#### Data:
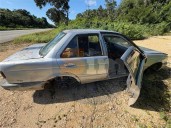 Desvalijan vehículo cerca de las vías del Tren Maya en Felipe Carrillo Puerto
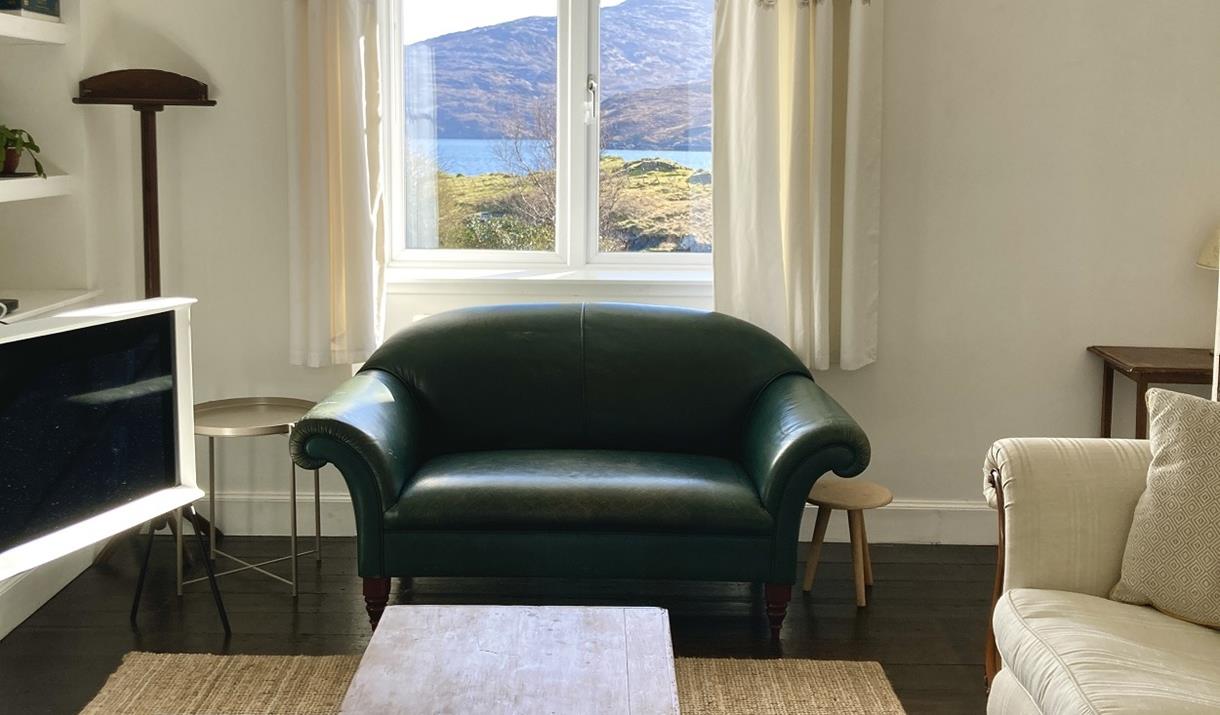 Lounge Old Mission House, Maraig
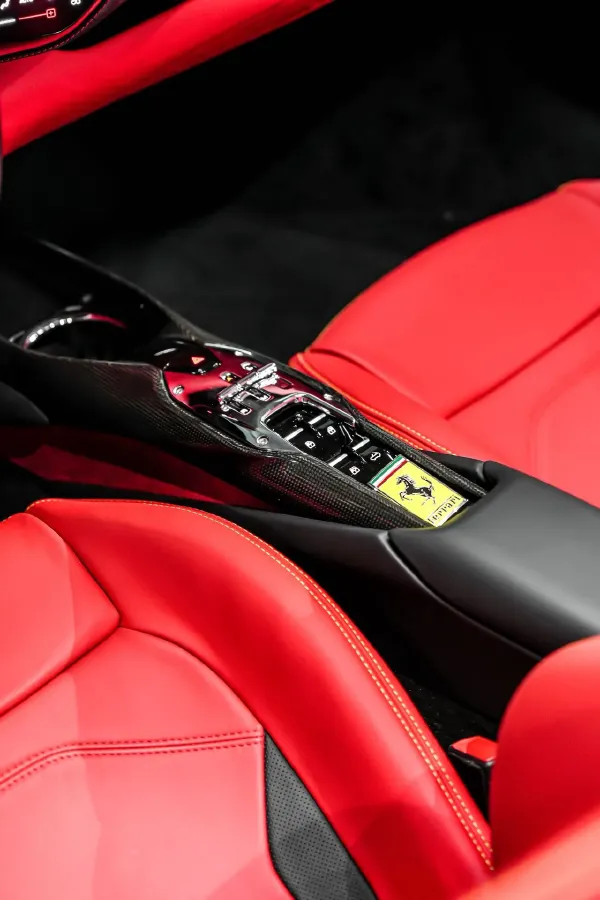 2022 Ferrari 296 3.0T 663HP V6 8DCT PHEV 7.45KWH,autocango,china used car exporter,china ev exporter,chinese used car exporter,chinese used ev exporter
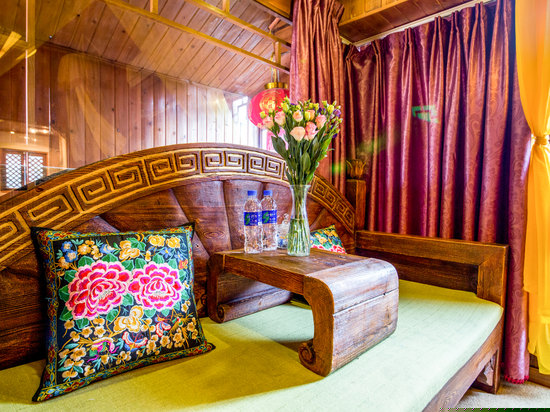 纳西庭院豪华大床房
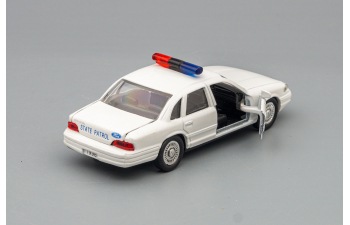 FORD Crown Victoria Police, white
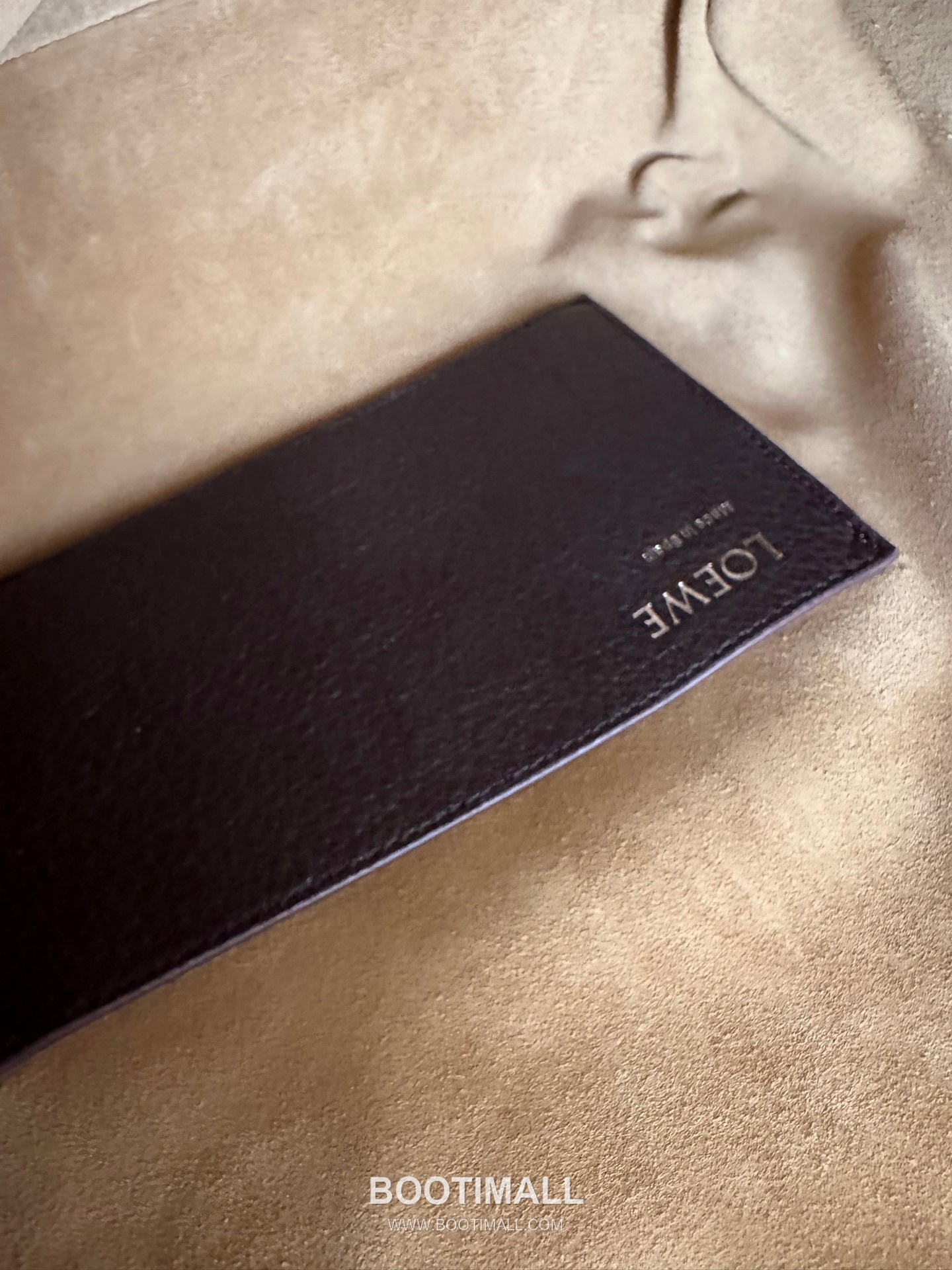 Loewe Cubi Grained Calfskin Leather Crossbody Bag 2201 로에베 큐비 그레인 카프스킨 레더 크로스 숄더백 44cm 13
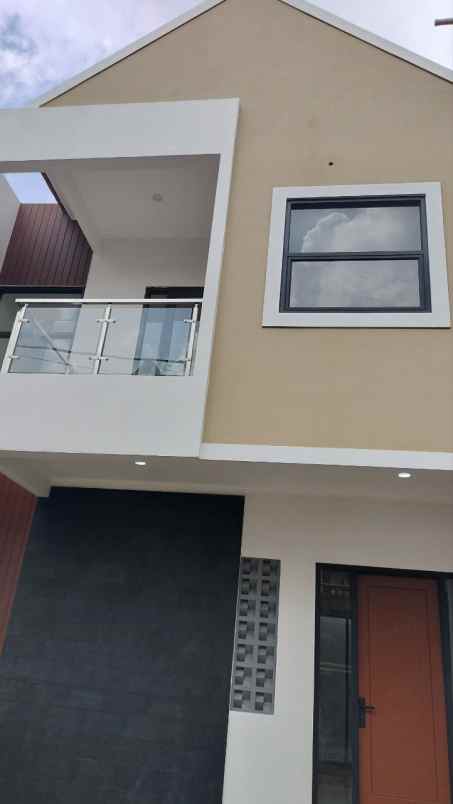 dijual rumah jalan transad raya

#### Your objective:
With the pictures removed, write out exactly the lines from the line containing "2022 Ferrari 296" through the last line of the material above, both included.

#### Task answer:
 2022 Ferrari 296 3.0T 663HP V6 8DCT PHEV 7.45KWH,autocango,china used car exporter,china ev exporter,chinese used car exporter,chinese used ev exporter
 纳西庭院豪华大床房
 FORD Crown Victoria Police, white
 Loewe Cubi Grained Calfskin Leather Crossbody Bag 2201 로에베 큐비 그레인 카프스킨 레더 크로스 숄더백 44cm 13
 dijual rumah jalan transad raya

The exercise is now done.